Which I "simplified" to this, using this formula's:
$$2+2\cos\alpha+\frac{\cos2\alpha}{2}-\frac{\sin\alpha}{2} = d^2$$
But now, I'm stuck. This is probably pretty easy, but I'm 15 years old at the moment. I didn't see that much trigonometry in school yet.
Can you help me?
 A: Make the following manipulations:
$$(1-\cos(\alpha))^2+\sin^2(\alpha)=d^2$$
$$1-2\cos(\alpha)+\cos^2(\alpha)+\sin^2(\alpha)=d^2$$
$$1-2\cos(\alpha)+1=d^2$$
$$2-2\cos(\alpha)=d^2$$
$$\cos(\alpha)=1-\frac{d^2}{2}$$
$$\alpha=\cos^{-1}\left(1-\frac{d^2}{2}\right)$$
A: A slightly more general tip that I sometimes tell my students:
If an equation contains more than one trig function, it might be nice if there were a way to rewrite it using only one trig function.
Sometimes that's easy and sometimes that's hard. But if you see precisely $\sin^2 \alpha$ or $\cos^2 \alpha$, those are very easy to rewrite using another trig function.
(The identity $\sin^2 \alpha + \cos^2 \alpha = 1$ is far and away the most important trig identity of them all.)
A: You could just expand the square... Hint : $\left( 1-\cos \alpha \right)^2 + \sin ^2 \alpha = 1 - 2 \cos \alpha + \cos^2 \alpha + \sin^2 \alpha$, then recall that $\cos^2 \alpha + \sin^2 \alpha = 1$.

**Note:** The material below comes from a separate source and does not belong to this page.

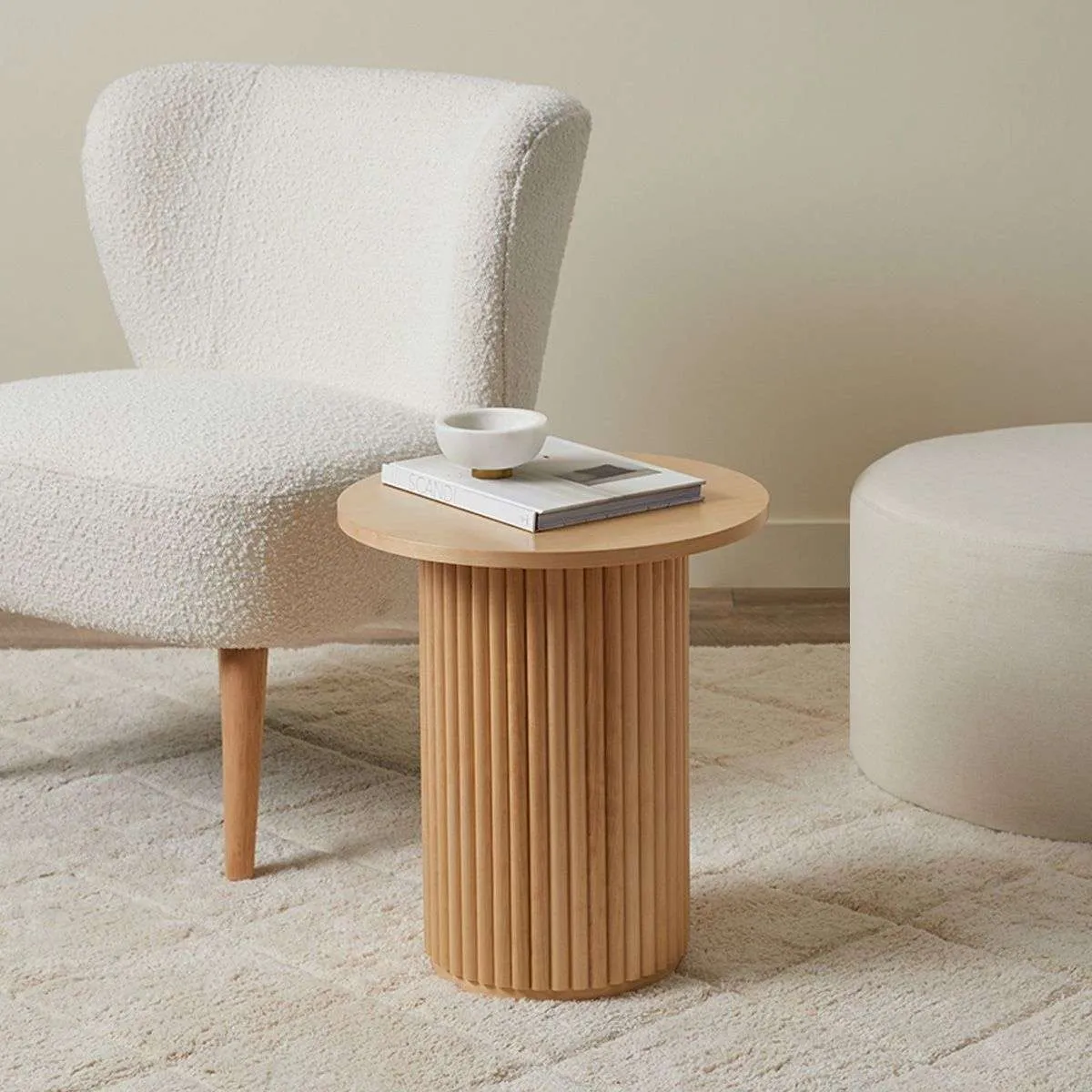 Eve Side Table - Birch Mocka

A: Write $\sin^{2}x = 1-\cos^{2}{x}$. Then you have 
\begin{align*}
(1-\cos{x})^{2} + \sin^{2}{x} &= (1-\cos{x})^{2} + (1+\cos{x})\cdot (1-\cos{x}) \\ &= (1-\cos{x}) \cdot \Bigl[ 1- \cos{x} + 1 + \cos{x} \Bigr] \\ &= 2\: \sin^{2}\frac{x}{2} \cdot 2 = 4\:\sin^{2} \frac{x}{2}
\end{align*}
Now $$ \frac{d^{2}}{4} =\sin^{2}\frac{x}{2} \Longrightarrow \sin\frac{x}{2} = \pm\frac{d}{2}$$